Investors provided structured funds to the sector as these were closer to the equity returns. Investments in the office sector accounted for the largest share of 31 percent during 2021 while it was highly skewed during 2020 due to two large portfolio deals amounting to $3.2 billion. Office space net absorption was up marginally by 2 percent Y-o-Y at 26.2 million sq ft. in the top 7 cities in India as compared to the previous year. Most occupiers have their real estate plans in place and that is likely to result in expected net absorption of 31-33 million sq ft in 2022, up by 20-25 percent Y-o-Y.
Leading office space developers are expected to contribute around 58 percent of this upcoming supply of 45-47 million sq ft that may open development stage investment opportunities.
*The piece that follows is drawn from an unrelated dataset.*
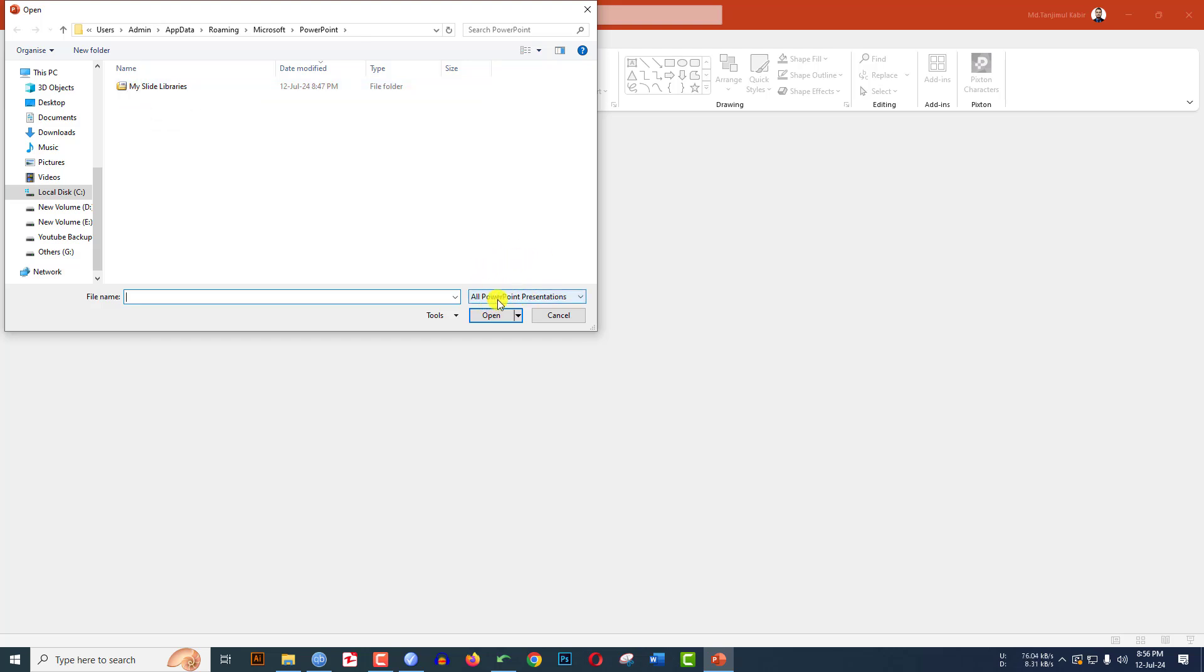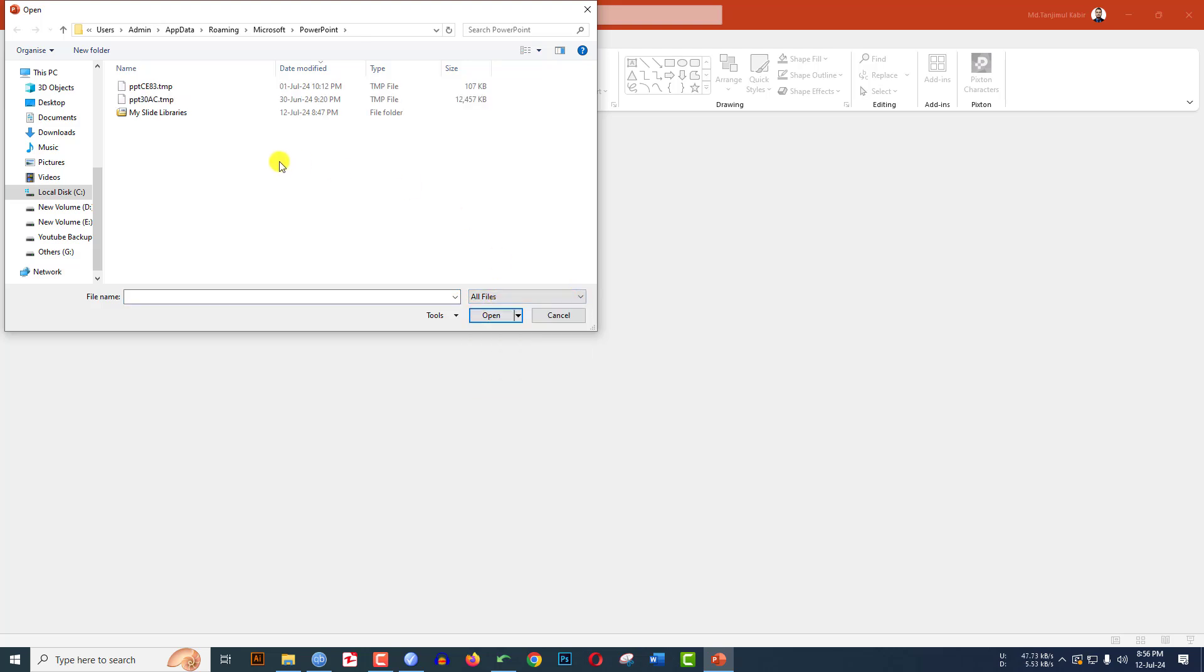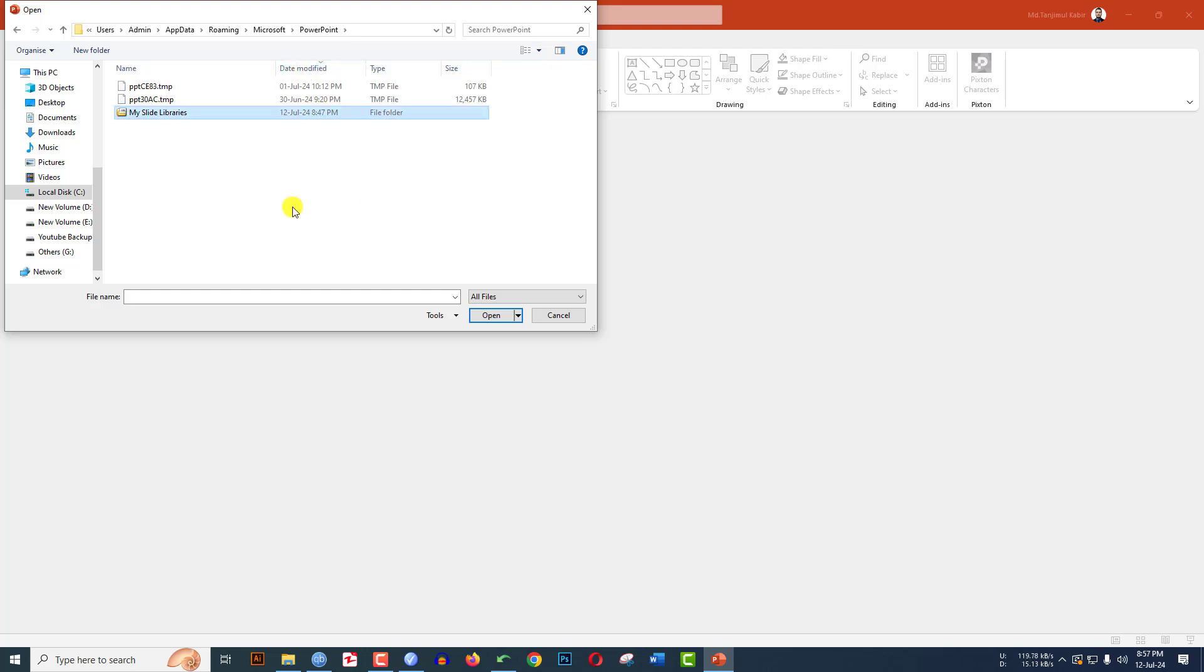option, All PowerPoint Presentations. Let me click on the arrow sign and select All Files, and you will see there are two temp files. You can rearrange it according to date modified. You will see there is no PowerPoint presentation, but two temp files exist. Now let me click here and click Open.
Warehousing, logistics, and data centre continue to witness increased interest from investors with logistics accounting for 20 percent of the total deal volume while data centre investments have started picking up with a few joint ventures announced in the segment.
The residential sector registers 2.3x growth over 2020 investments | Source: Capital markets, JLL
Hyderabad, Mumbai, and NCR account for a 45 percent share of investments.
Hyderabad and Mumbai each accounted for a 16 percent share of the total investments during 2021, while NCR-Delhi at 13 percent stood third. Investments during the year have been quite diversified across cities. On the other hand, consolidation in real estate has led to a parallel trend of increasing investments at the entity level with mergers and acquisitions gaining traction.
Hyderabad has been leading the investment scenario with core and development stage transactions by leading global funds. The city has been preferred with marquee office space developers attracting quality tenants at the pre-commitment stage. Office supply in 2022 has already witnessed 25 percent pre-leasing in select projects and driving the investment momentum. Mumbai has witnessed higher interest in the residential segment due to the sharp recovery in residential home sales during the year.
The continued policy support in form of accommodative policy stance, expected push on infrastructure spend and committed dry powder by institutional investors is expected to drive 2022 investments at par with the momentum witnessed during 2017-2020. The buildup of asset portfolios for the listing of new REITs, increased competition for quality assets, geographical and asset diversification and a strong interest for logistics and data centres in the ‘new normal’ will be the major investment drivers during 2022.